Vice President Yemi Osinbajo, had on June 2, 2016, launched the Ogoniland cleanup in Ogoni but took until January 2017 before engineers finally arrived.
In 2011, the UNEP estimated that decontaminating Ogoni land could cost $1 billion or 880 million euros (N155 billion at $/N exchange $1=N155 in 2011) and take 30 years to complete.
Godwin Uyi Ojo, executive director of ERA, speaking in Benin-City, Edo State, when his NGO launched a global report on the Ogoni clean-up, titled: “No cleanup, No Justice,” said ERA/FoEN undertook a two-month (March and April) survey of 17 out of the 21 impacted sites being cleaned up by HYPREP in Ogoniland and discovered that the federal government cleanup of Ogoni is lagging behind. There is “lack of capacity by the HYPREP to conduct a proper (environmental) cleaning of a huge project such as Ogoni clean-up.
“Based on regular field monitoring and evidence at our disposal, we have come to the conclusion that the federal government environmental legacy project which is the clean-up of Ogoni, is failing and lagging behind, because the Hydrocarbon Pollution Remediation Project (HYPREP) lacks the capacity to conduct a proper clean up. For the (Ogoni) clean up to succeed at a greater pace, we urge the federal government to urgently reorganize and completely overhaul the HYPREP apparatus, to ensure that it is able to deliver a truly significant clean up in Ogoni land,” Ojo said.
He warned that except there is a change of tactic for better results adopted by the federal government and HYPREP, the consequences would be that at the end of the Ogoni clean-up, huge sums of money would be announced as a commitment into Ogoni clean-up, but more than 80 per cent of Ogoni land and other spill-ravaged sites in the Niger Delta region would remain environmentally sullied. Life and living conditions would continue to be as bad as ever, and could get worse.
The ERA executive director said there was an urgent need for restructuring, reorganizing and complete overhauling of HYPREP to realize the Ogoniland clean-up.
“HYPREP is not designed nor structured to implement a project as complex and sizeable as the Ogoniland clean-up,” Ojo said.
He called for legislation to strengthen and make HYPREP truly independent, transparent and accountable.
Ojo also called on the Nigerian government and Shell to institute additional N100 billion annual rehabilitation fund for the clean-up of the entire Niger Delta. He equally demands that HYPREP should be weaned of Shell’s overarching position.
He alleged that HYPREP was yet to make requisition for the $200 million due it for 2020 from the $360 million received, adding that the agency had only spent $31 million partly due to Shell’s overbearing powers on its structures.
He accused Shell Petroleum Development Company (SPDC) of overarching influence on HYPREP.

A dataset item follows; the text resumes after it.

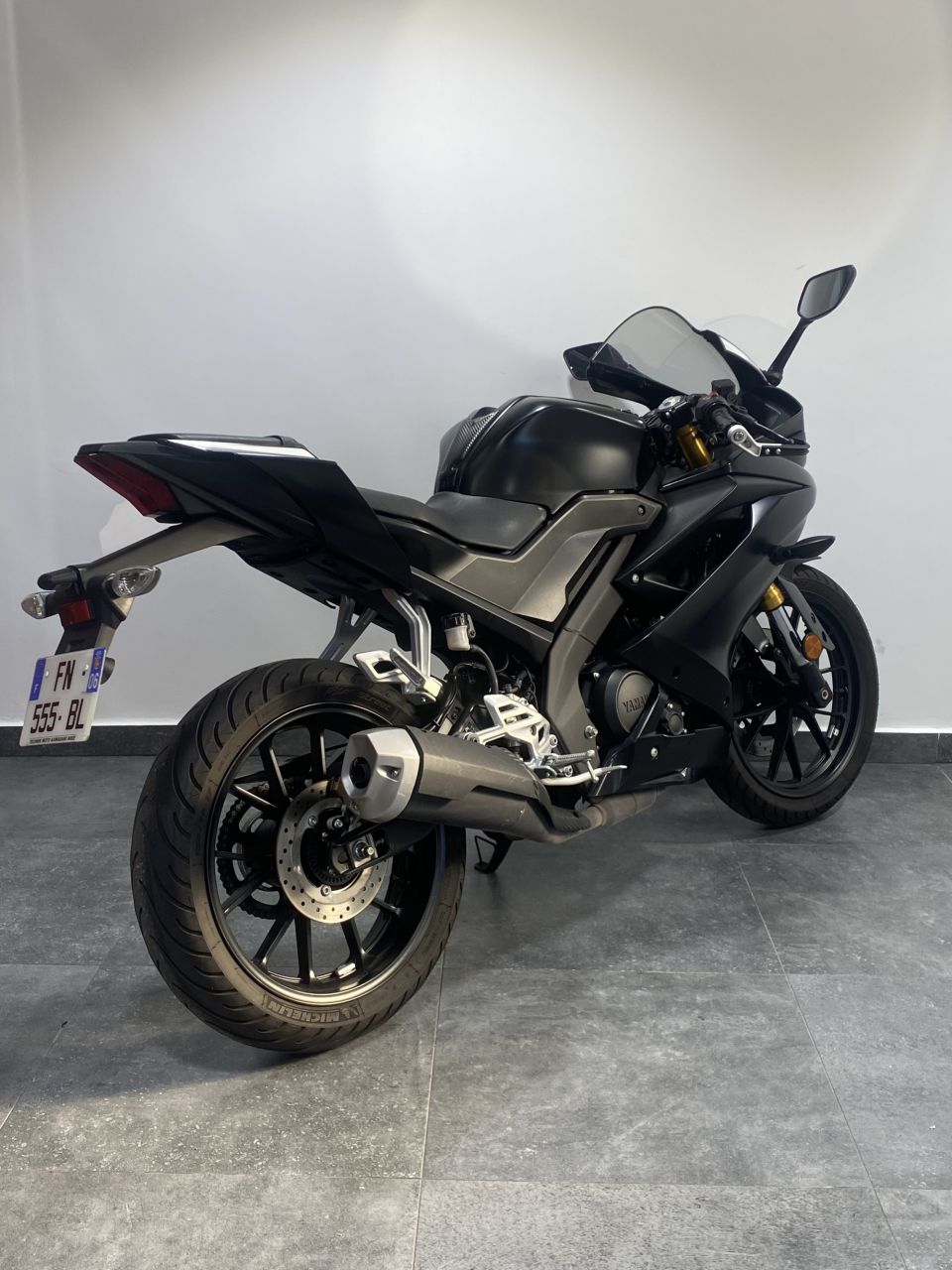 YAMAHA YZF 125 R ABS 4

“Oil companies like Shell should have no role in the oversight bodies, management and implementation of the process such as the governing board and the Board of Trustees, and should not second staff to HYPREP. In order to address its devastating legacy of pollution in Nigeria, Shell should also pay for clean-up of the rest of the Niger Delta and compensate communities affected by its activities. We call for a globally binding treaty to hold corporations accountable for their human rights violations and environmental harm which the polluted Ogoniland amply demonstrates,” Ojo said.